For ease of discussion, the table below lists the Western Xia emperors, including the father and grandfather of the first emperor, who were posthumously given imperial titles.

Emperors of the Western Xia
No. Personal Name Imperial Name Posthumous Title Tomb Name Dates Reign
Lǐ Jìqiān
Shénwǔ Huángdì
963–1004 (990–1004)
Lǐ Démíng
Guāngshèng Huángdì
981–1032 (1004–1032)
1 Lǐ Yuánhào
Wǔliè Huángdì
1003–1048 1038–1048
2 Lǐ Liàngzuò
Zhāoyīng Huángdì
1047–1068 1048–1068
3 Lǐ Bǐngcháng
Kāngjìng Huángdì
1061–1086 1068–1086
4 Lǐ Qiánshùn
Shèngwén Huángdì
1083–1139 1086–1139
5 Lǐ Rénxiào
Shèngzhēn Huángdì
1124–1193 1139–1193
6 Lǐ Chúnyòu
Zhāojiǎn Huángdì
1177–1206 1193–1206
7 Lǐ Ānquán
Jìngmù Huángdì
1170–1211 1206–1211
8 Lǐ Zūnxū
Yīngwén Huángdì
1163–1226 1211–1223
9 Lǐ Déwàng
1181–1226 1223–1226
10 Lǐ Xiàn
"Last Emperor")
* ?–1227 1226–1227

* Lǐ Xiàn was posthumously titled Shidurghu ᠱᠢᠳᠤᠷᠭᠤ "simple, right, just" by the Mongols, and is referred to as Schidascou or Shidaskû in 18th-century European sources.

The imperial tombs were originally identifiable by steles with inscriptions in Chinese and Tangut erected to commemorate and eulogize the occupants of the tombs, but when the Western Xia was defeated by the Mongols in 1227 they burned the imperial tombs and smashed to pieces all the steles, so it is difficult to be sure who the tombs were built for.

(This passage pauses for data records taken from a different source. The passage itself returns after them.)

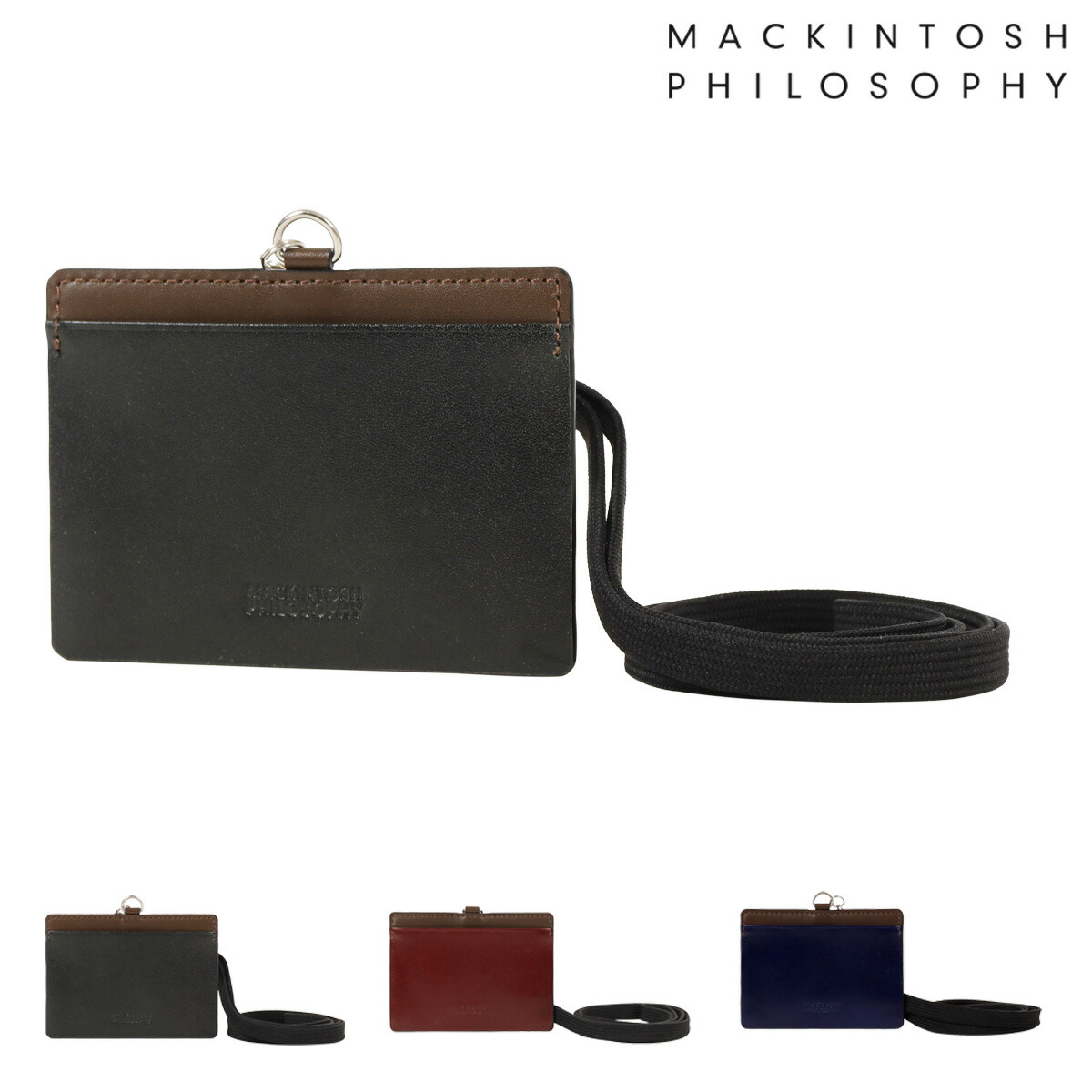 マッキントッシュフィロソフィー IDカードホルダー リール付 本革 メンズ mapw-5070222 ローワン MACKINTOSH PHILOSOPHY IDケース パスケース カードケース 定期入れ 社員証[即日発送]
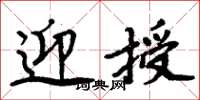 周炳元迎授楷書怎么寫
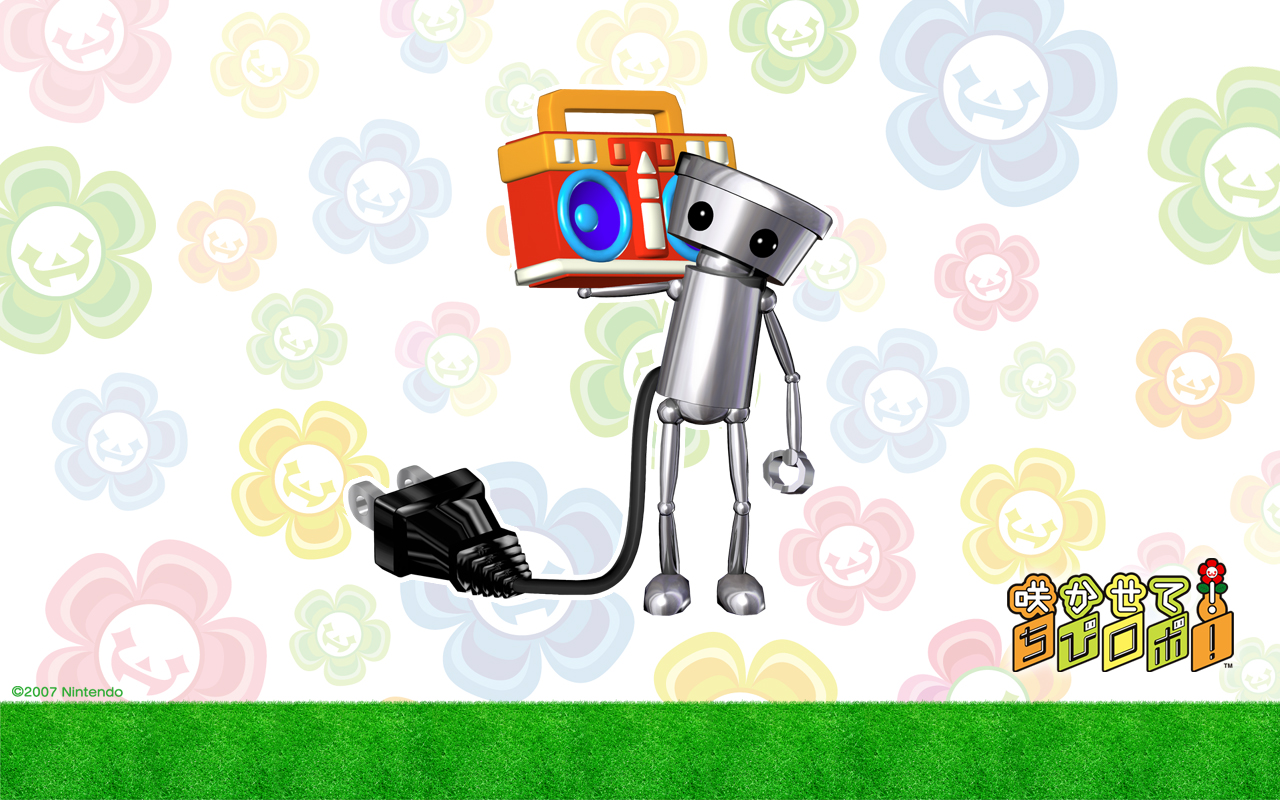咲かせて！ちびロボ！：壁紙プレゼント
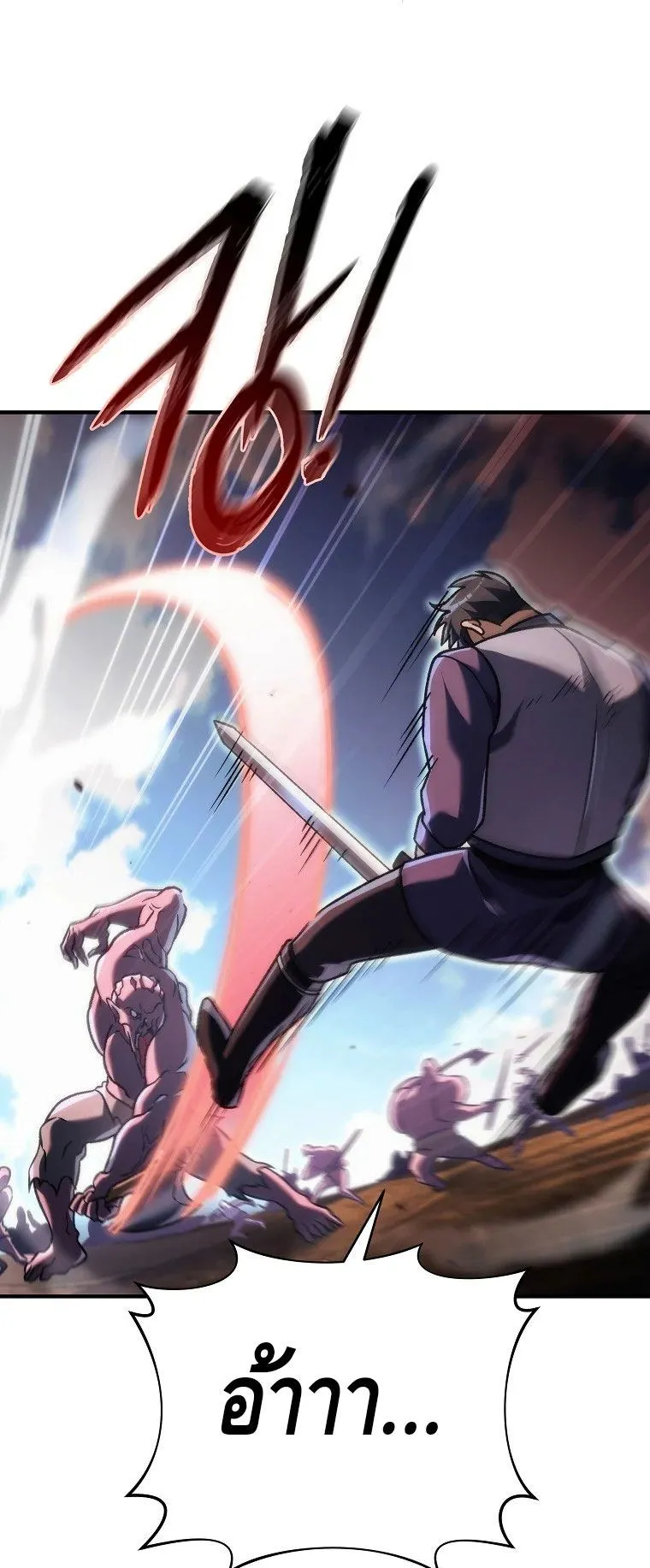 The Genius Blacksmith’s Game ตอนที่ 15 หน้า 89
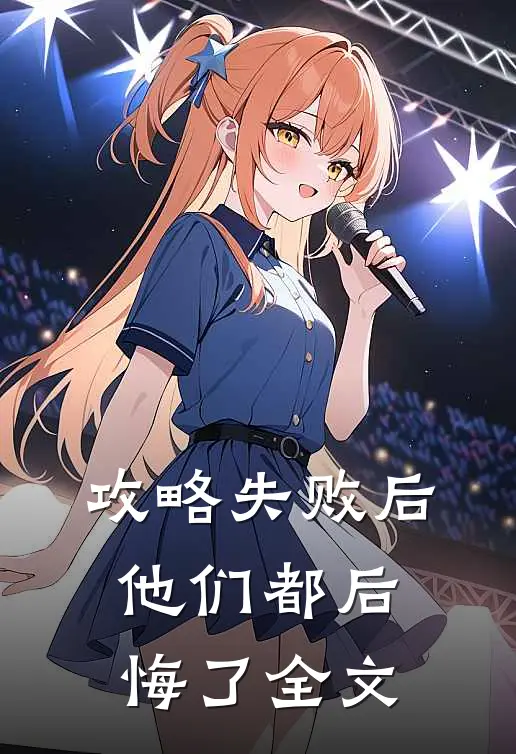 攻略失败后，他们都后悔了全文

The imperial tombs each have the remains of two or three stele pavilions (only L1, L2 and L5 have three), which were built to house steles with Tangut or Chinese inscriptions, and about 60–70 of the minor tombs also have the remains of stele pavilions. Ten stele pavilions from four imperial tombs (L3, L5, L6, L7) and two minor tombs (M177, M182) were excavated during the 1970s and 1980s, resulting in the recovery of several thousand fragments of steles, some blank, some with decoration, and some with Chinese or Tangut text. The fragments with writing excavated from tombs L6, L7, M177 and M182 were published in Lǐ 1984. Some of the inscribed fragments from tombs L3 and L5 were pubished in Xǔ and Dù 1995. The second stele pavilion at L3 was excavated in 1998, resulting in the discovery of an unknown number of fragments, and there may have been other excavations and discoveries of stele fragments over the past twenty years that I am not aware of.

Excavated Stele Fragments
Tomb Pavilion Date Excavated Fragments Language
L3 East 1987 360+ small fragments, mostly plain Tangut
L3 West 1998 ? Tangut
L5 East (north) 1977 26 fragments Chinese
L5 West 1977 63 fragments Tangut
L6 East 1972–1975 388 fragments Tangut
L6 West 1972–1975 709 fragments Tangut (388)
Chinese (321)
L7 East 1972 510 fragments Chinese
L7 West 1972 1,265 fragments Tangut
M177 East 1977 81 fragments Tangut (55)
Chinese (26)
M177 West 1977 20 fragments Tangut (5)
Chinese (15)
M182 1975 349 fragments Tangut (133)
Chinese (216)

Based on these stele fragments, Lǐ Fànwén 1984 was able to identify the occupants of tombs L6, L7, M177 and M182, although two of his identifications have not been widely accepted.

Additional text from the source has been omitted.